Government lending and business-support institutions say they are doing “cartwheels” over the credit bureau’s imminent arrival as this will enable them to better assess each borrower’s risk.

Dave Smith, the Bahamas Development Bank’s (BDB) managing director, speaking on a Bahamas Business Outlook panel discussion, said 76 percent of the institution’s existing loan book was non-performing when he joined. With loans not being serviced, the BDB had insufficient capital resources to lend money to qualifying new clients.

He added that the arrival of The Bahamas’ first credit bureau “might be an inducement for persons to meet the obligation, or to be a bit more forthright and communicate with their financing institutions when they having issues and problems. So I think that’s a plus. The other thing I think the credit bureau, in particular, would do would facilitate faster adjudication of an application.”

John Rolle, the Central Bank’s governor, told the same Bahamas Business Outlook conference a day earlier that the credit bureau will start to produce “live credit reports” on personal borrowers by the start of the 2021 second quarter.

The creation of a Bahamian credit bureau has been a decade in the making, with the initiative first unveiled by the Central Bank in 2010. It has long been viewed as a vital ‘missing link’ in The Bahamas’ credit architecture, with its absence depriving lenders of a centralised information repository they can draw on to better understand a borrower’s credit profile and risk of non-repayment.

It is now in the process of gathering information from lending institutions mandated to supply it with all details on existing borrowers, particularly their credit profiles and histories, by the Credit Reporting Act.

Among those required to supply information to the credit bureau will be the commercial banks, insurance companies, credit unions, financial and corporate services providers, Bahamas Mortgage Corporation and Bahamas Development Bank.
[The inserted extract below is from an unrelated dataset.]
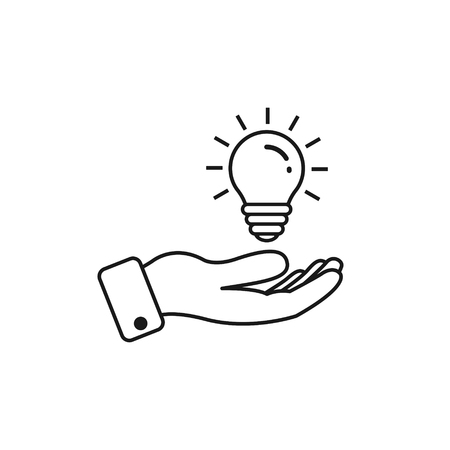 Light bulb in hand line icon. Vector isolated illustration.のイラスト素材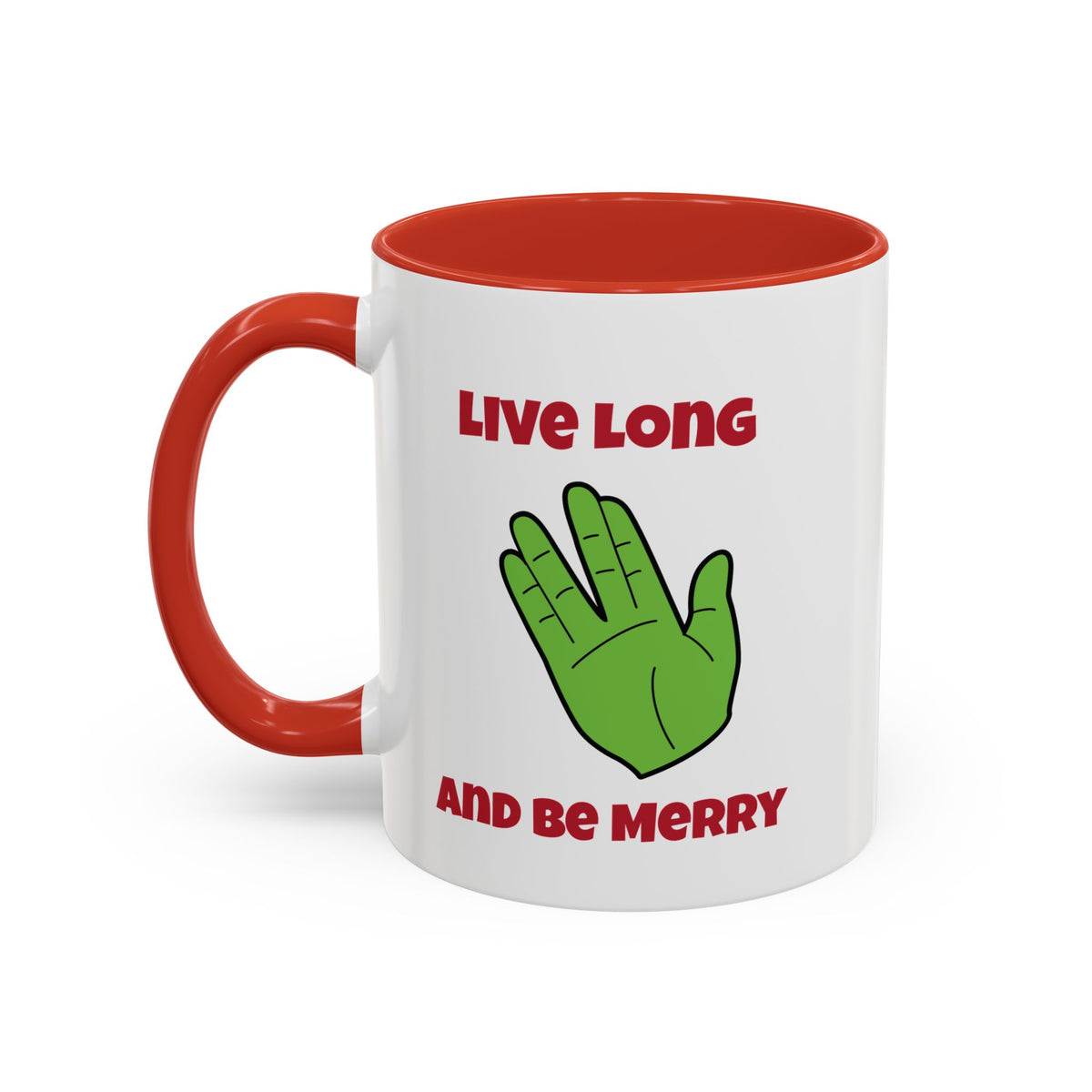 Live Long And Be Merry Funny Spock Christmas Accent Mug-welovescifi.net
Others likely to be added in the future are the utilities, auto dealers and furniture stores that extend credit to customers, and even the government’s revenue agencies.

The credit bureau will then compile and organise this information in a credit report provided to lenders, which will help them assess the risk provided by each loan applicant and reject those with poor histories.

Its launch means that delinquent Bahamian borrowers are rapidly running out of time to get their affairs in order, and will no longer be able to bounce from bank to bank and obtain multiple loans through not disclosing their past.

Meanwhile Michael Cunningham, the Bahamas Entrepreneurial Venture Fund’s chairman, said: “When we look at high risk ventures, persons come in and they would say that they own such equipment, not knowing that has already been pledged to the BDB or some other institutions. You go ahead and give them a loan to get into problems. Therefore you can’t even sell or retrieve the assets.”

He said that assessing loan applicants’ credit score is problematic, as many do not disclose the full extent of their existing indebtedness. This, Mr Cunningham said, was why he favours a credit bureau especially given that the Government-sponsored venture capital fund may ultimately end up being responsible for underwriting $100m in loans in the near future.

Davinia Grant, the Small Business Development Centre’s (SBDC) executive director, said she was “extremely excited” about the credit bureau beginning full operations. She said the SBDC would have been “doing cartwheels” had it been completed already

Ms Blair said a credit bureau and movable collateral registry, the latter of which is also being developed by the Central Bank, are desperately needed in The Bahamas so that good entrepreneurs can obtain a better credit rating and “fight for better rates”.